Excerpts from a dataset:
===

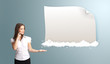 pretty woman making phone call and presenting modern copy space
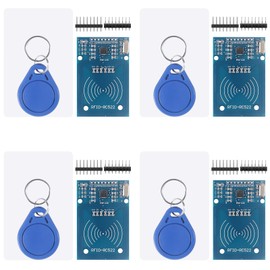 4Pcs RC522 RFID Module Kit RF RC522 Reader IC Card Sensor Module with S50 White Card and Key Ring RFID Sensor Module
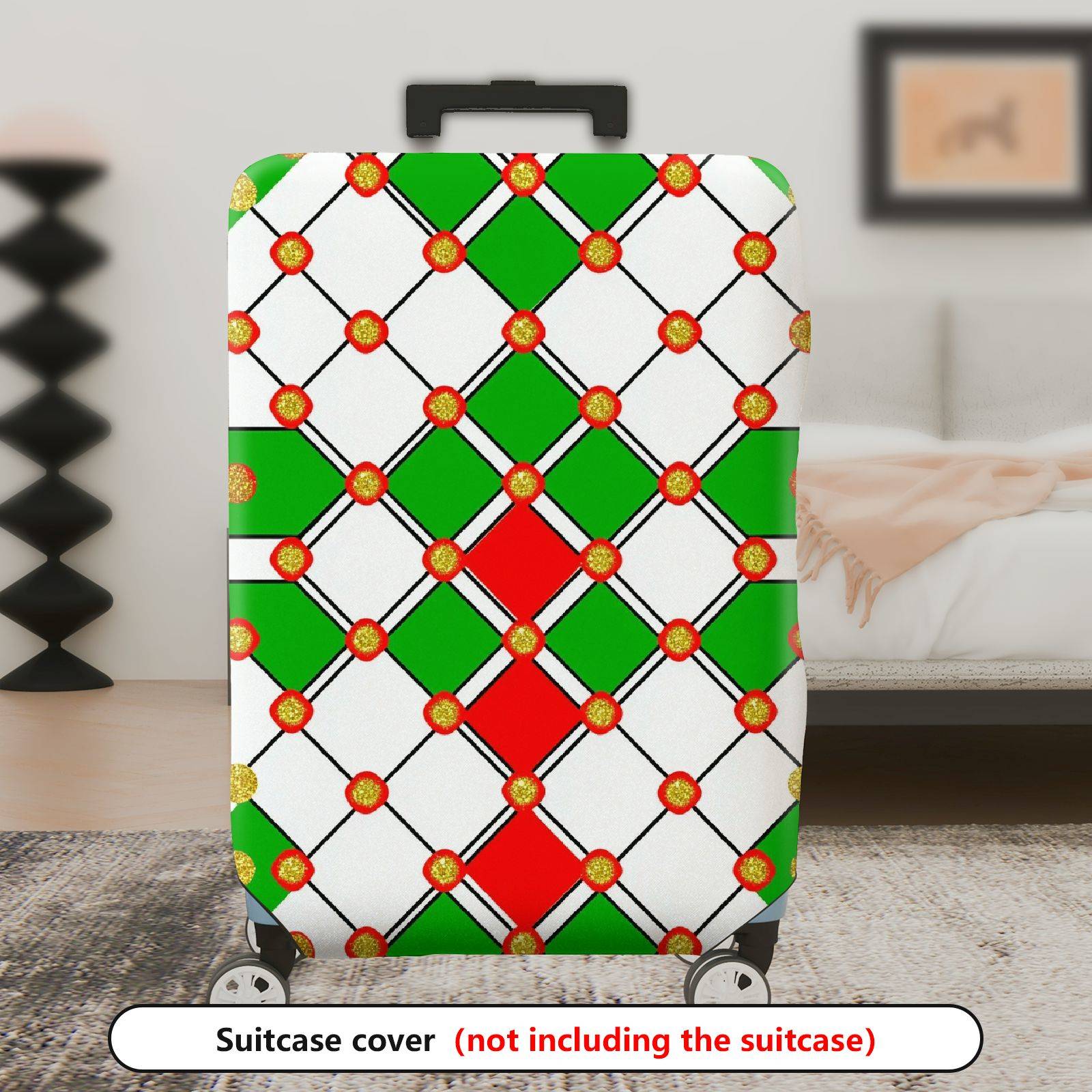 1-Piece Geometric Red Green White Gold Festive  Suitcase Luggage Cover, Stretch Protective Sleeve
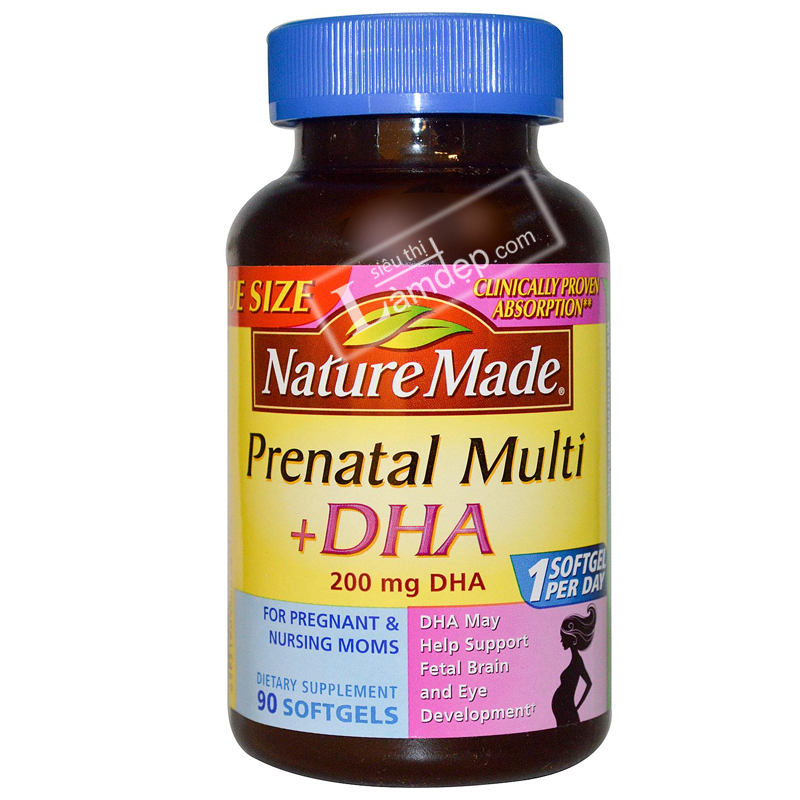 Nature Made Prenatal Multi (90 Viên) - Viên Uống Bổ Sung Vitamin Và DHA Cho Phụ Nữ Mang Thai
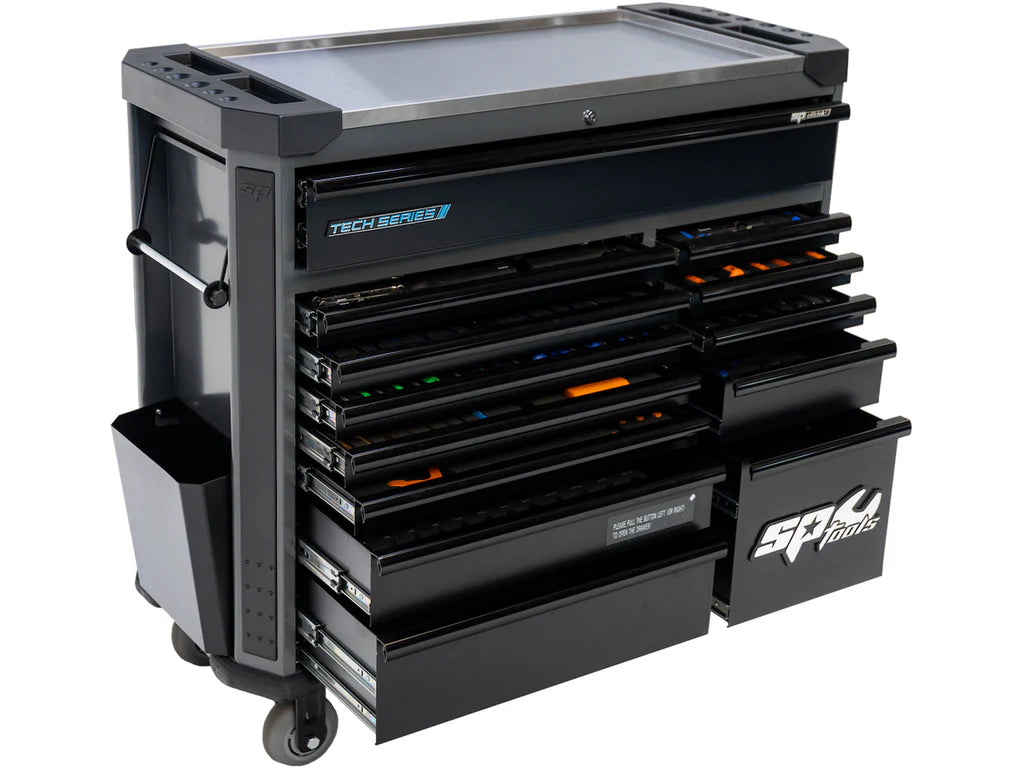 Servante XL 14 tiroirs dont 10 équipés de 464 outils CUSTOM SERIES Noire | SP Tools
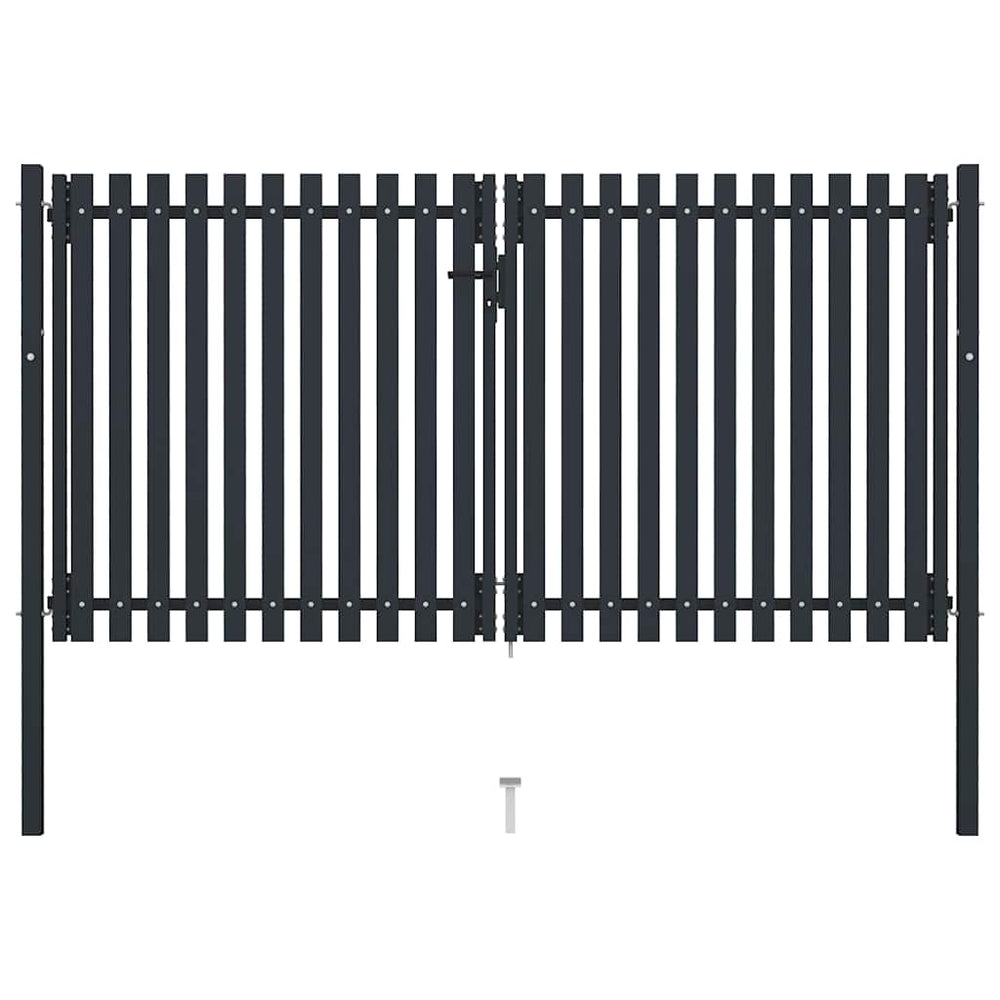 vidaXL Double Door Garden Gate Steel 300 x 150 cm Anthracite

===

Task details: Reproduce exactly, and only, the lines from the one containing "1-Piece Geometric Red" through the last line of the records above, both included, leaving out any pictures.

Exercise output:
 1-Piece Geometric Red Green White Gold Festive  Suitcase Luggage Cover, Stretch Protective Sleeve
 Nature Made Prenatal Multi (90 Viên) - Viên Uống Bổ Sung Vitamin Và DHA Cho Phụ Nữ Mang Thai
 Servante XL 14 tiroirs dont 10 équipés de 464 outils CUSTOM SERIES Noire | SP Tools
 vidaXL Double Door Garden Gate Steel 300 x 150 cm Anthracite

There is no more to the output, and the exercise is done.